I am reading again: Three books in parallel! Well, to be honest, initially it was just one. Pickwick Papers by Charles Dickens, something which my dad has been trying to force down my throat for ages now, but I had been avoiding, well, because of the sheer size of the book and the mini font, not to mention the old world language. I so admire the idea of reading classics but why does it have to be so hard? Each time I read one, it seems to reduce my life expectancy by at least five years. So just to give myself some respite, I picked up Nothing Serious by PG Wodehouse. Again. The familiarity makes me feel happy, so I treasure this one for the Sunday evenings when I am feeling particularly depressed. Finally, yesterday I got myself Sidin Vadukut’s Dork: The Incredible Adventures of Robin 'Einstein' Varghese and it’s hilarious! I laughed myself to sleep for a change. I have a serious suspicion he worked with Company D (you know my previous organization). Can anyone throw some light on his career before he became the managing editor of LiveMint? Lucky b******.

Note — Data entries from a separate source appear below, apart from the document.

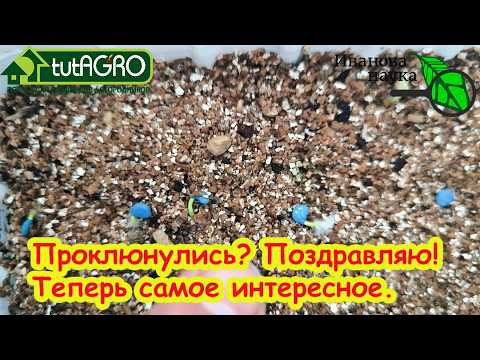 ПЕРЦЫ проклюнулись! Срочно сделайте ЭТО, чтобы не загубить рассаду. Что надо делать прямо сейчас. ПЕРЦЫ проклюнулись! Срочно сделайте ЭТО, чтобы не загубить рассаду. Что надо делать прямо сейчас.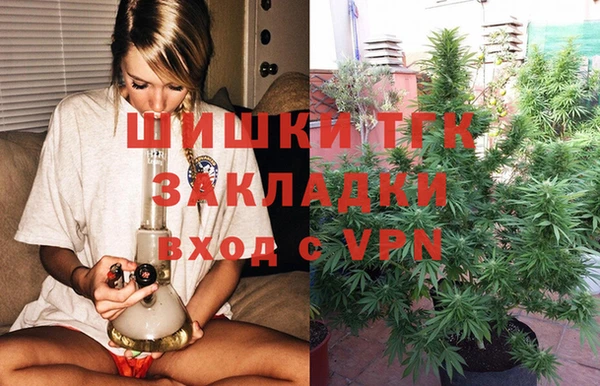 сатива Алексеевка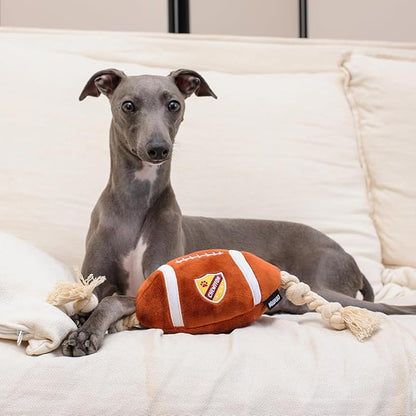 CHEWFFON Durable Dog Football Toy with Rope - Interactive Tug Toy for Small, Medium & Large Dogs - Outdoor Fetch Ball & Teething Puppy Toy
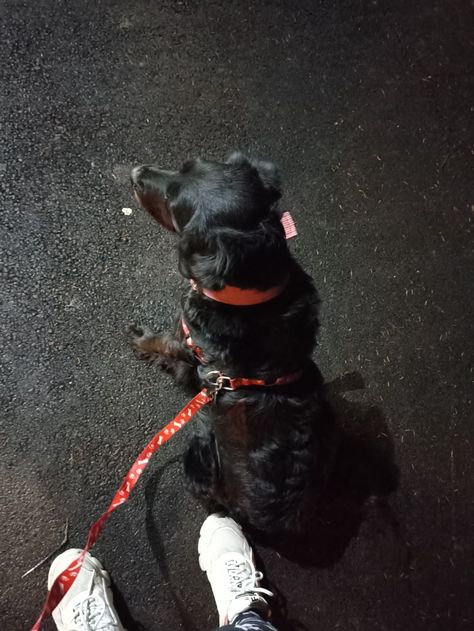 Black dog sitting, with a red harness and a leash. Late Night Walks, Night Walks, Papillon Dog, Shepherd Dogs, Pets Dogs, Night Vibes, Night Photos, Dog Barking, Cute Dogs And Puppies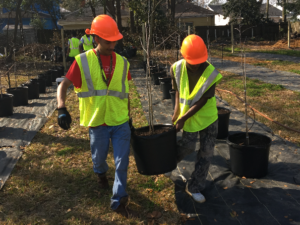 Two volunteers plant trees in Savannah, Georgia.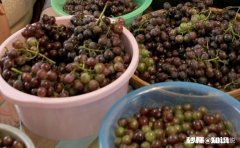 葡萄酒是怎么做的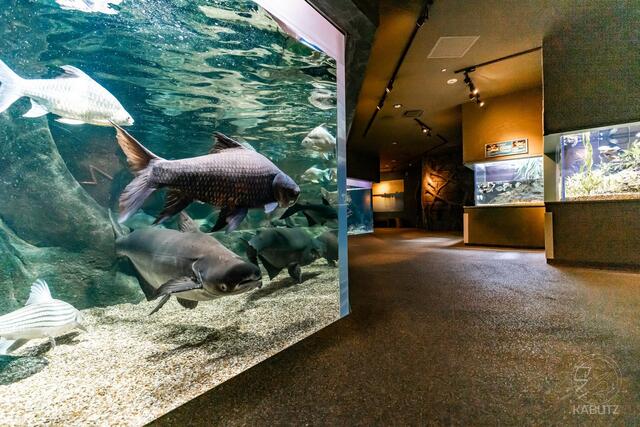 日本水族館立体生物図録1 全14種 世界淡水魚園水族館アクア•トト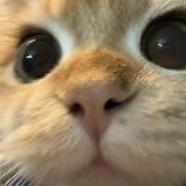 -辟邪-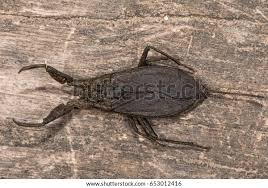 Attēlu rezultāti vaicājumam “Nepa cinerea”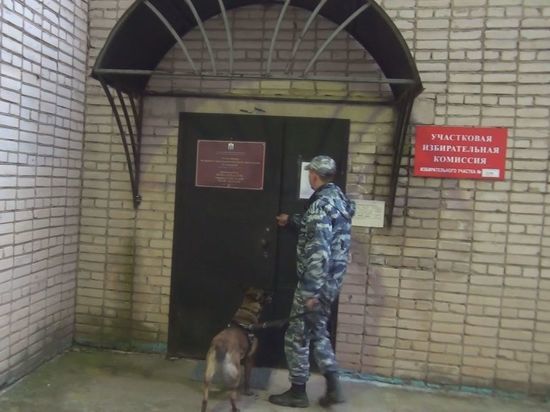 Новгородские полицейские заработали в усиленном режиме из-за выборов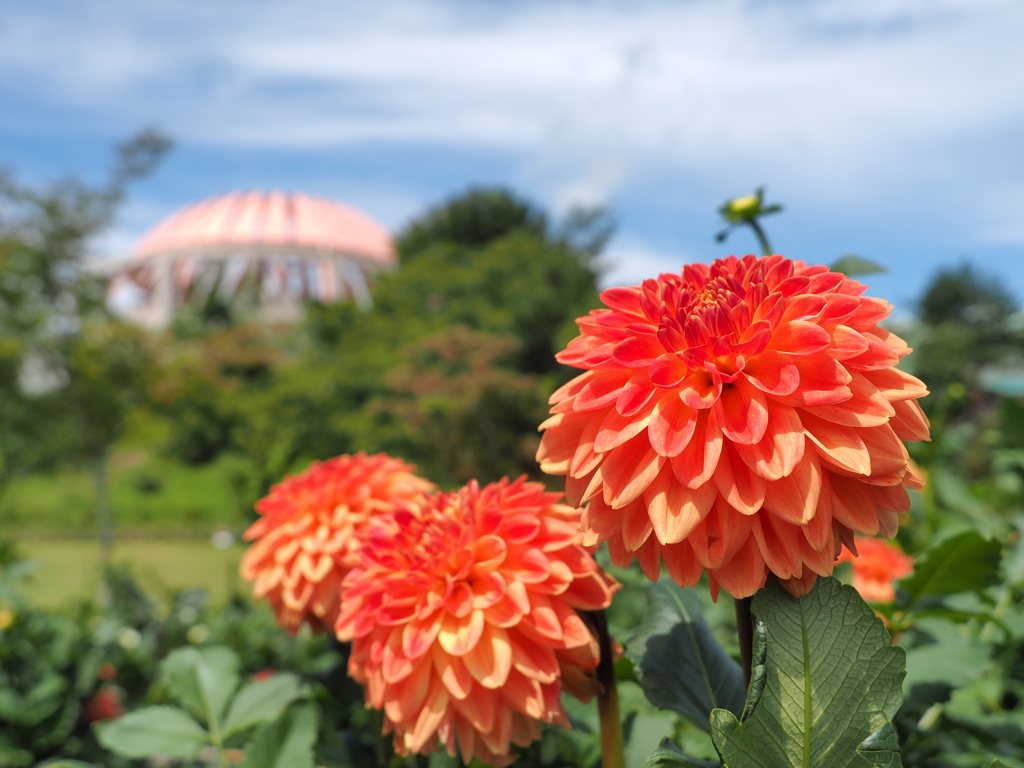 山形川西ダリヤ園のダリヤ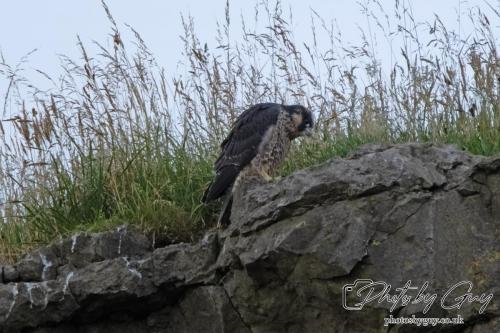 13 - 18 July 2024, Near Ennerdale, Cumbria - Juvinile Peregrine Falcon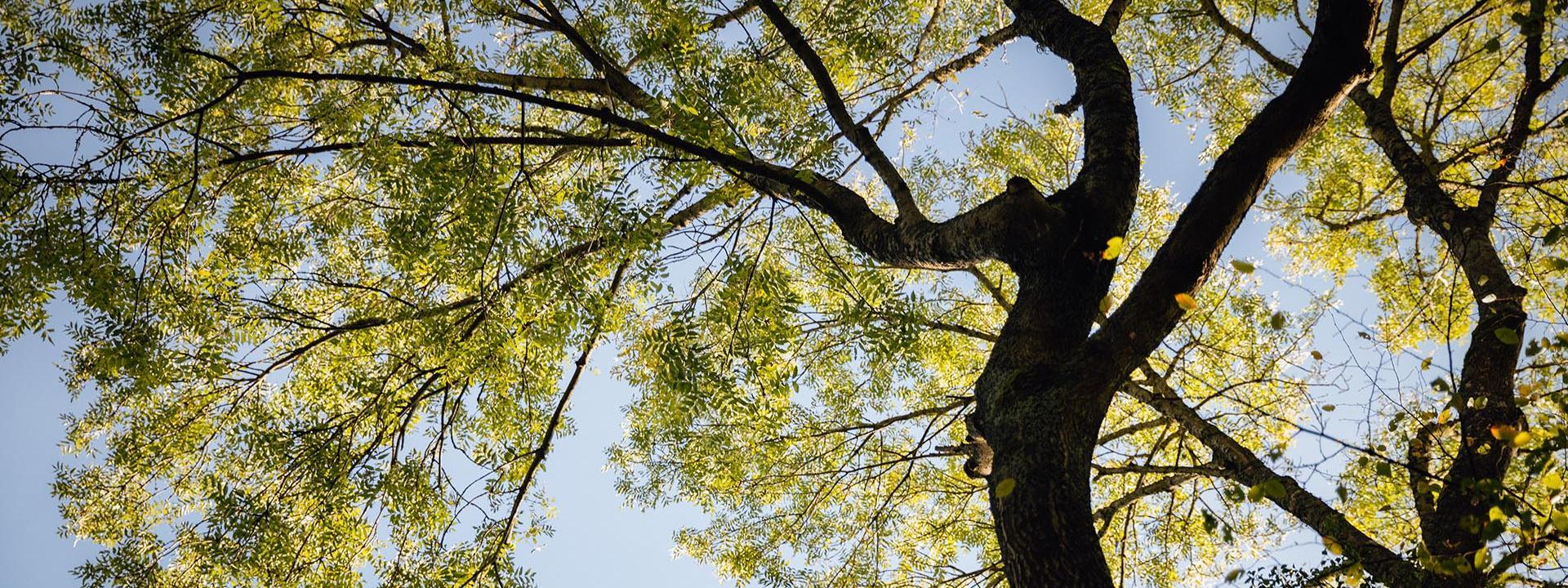 Arbre à la butte de Montassis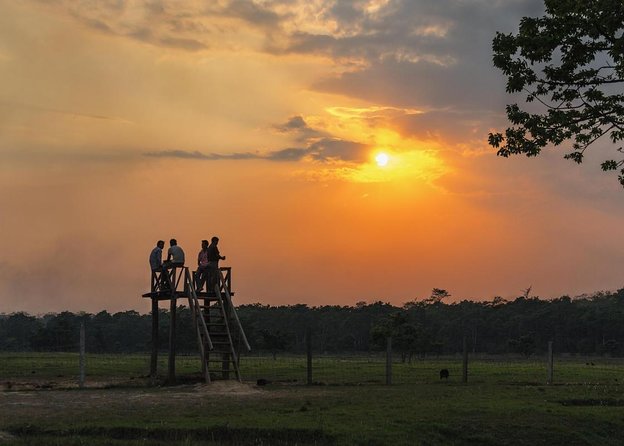 3-Day Chitwan Jungle Safari Tour from Kathmandu - Key points before you go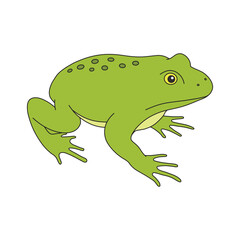 kids drawing Vector illustration green frog flat cartoon isolated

I have something to look forward to: Even though it’s not really going anywhere, it still gives me a reason to rush home from work and check my mail even before I kick off my shoes or get super excited every time I get a call from an unknown number (though every time it turns out to be some bank/insurance company trying to sell me something I don’t want). It’s like I am back to last year, when I would absolutely hate weekends because nothing would happen over those two long days (remember my love-hate relationship with placement consultants and HR department of EVERY company in India?). Now it’s the same, though thankfully placement consultants/HR are not part of it. I really like my constant obsession for doing something, though rejection, depression and humiliation are part and parcel of it. At least, I have a dream.
I have become super domesticated: I get up at 6:30 in the morning to cook my lunch and pack my dabba for work. Ladies and gentlemen, I rest my case.
I have started walking again: Auto(nomy) restored. Yayyy!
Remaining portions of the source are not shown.